Streaming technologies are not new, but they have considerably matured in recent years. The industry is moving from painstaking integration of open-source Spark/Hadoop frameworks, towards full stack solutions that provide an end-to-end streaming data architecture built on the scalability of cloud data lakes.
Want to see how leading organizations design their big data infrastructure? Check out these 4 real-life examples of streaming architectures.
In this article you will learn:
- What is Streaming Data and Streaming Data Architecture
- Benefits of stream processing
- Components in a traditional vs. modern streaming architecture
- Design patterns of modern streaming architecture
Streaming data refers to data that is continuously generated. typically in high volumes and at high velocity. A streaming data source would typically consist of a stream of logs that record events as they happen - such as a user clicking on a link in a webpage, or a sensor reporting the current temperature.
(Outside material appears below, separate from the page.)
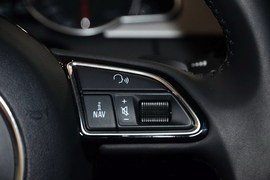 2014款奥迪A5双门45TFSI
Common examples of streaming data include:
- IoT sensors
- Server and security logs
- Real-time advertising
- Click-stream data from apps and websites
In all of these cases we have end devices that are continuously generating thousands or millions of records, forming a data stream that needs to be processed, parsed and structured for analytics.
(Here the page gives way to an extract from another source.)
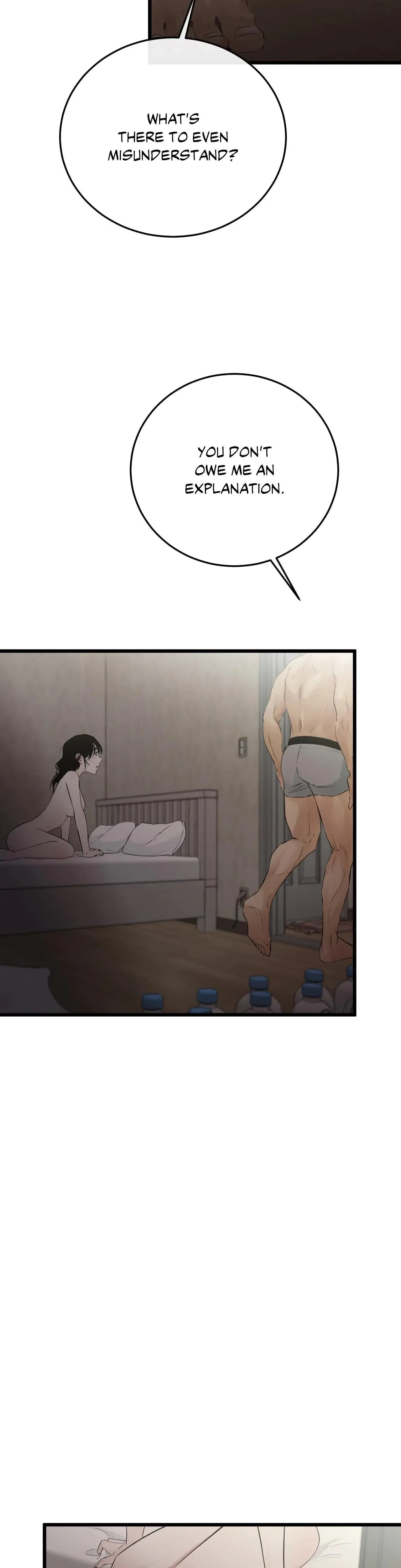 Where The Heart Is Chapter 42 - Page 24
A streaming data architecture is a framework of software components built to ingest and process large volumes of streaming data from multiple sources. While traditional data solutions focused on writing and reading data in batches, a streaming data architecture consumes data immediately as it is generated, persists it to storage, and may perform real-time processing, data manipulation and analytics.
Streaming architectures need to be able to account for the unique characteristics of data streams, which tend to generate massive amounts of data (terabytes to petabytes) that it is at best semi-structured and requires significant pre-processing and ETL to become useful.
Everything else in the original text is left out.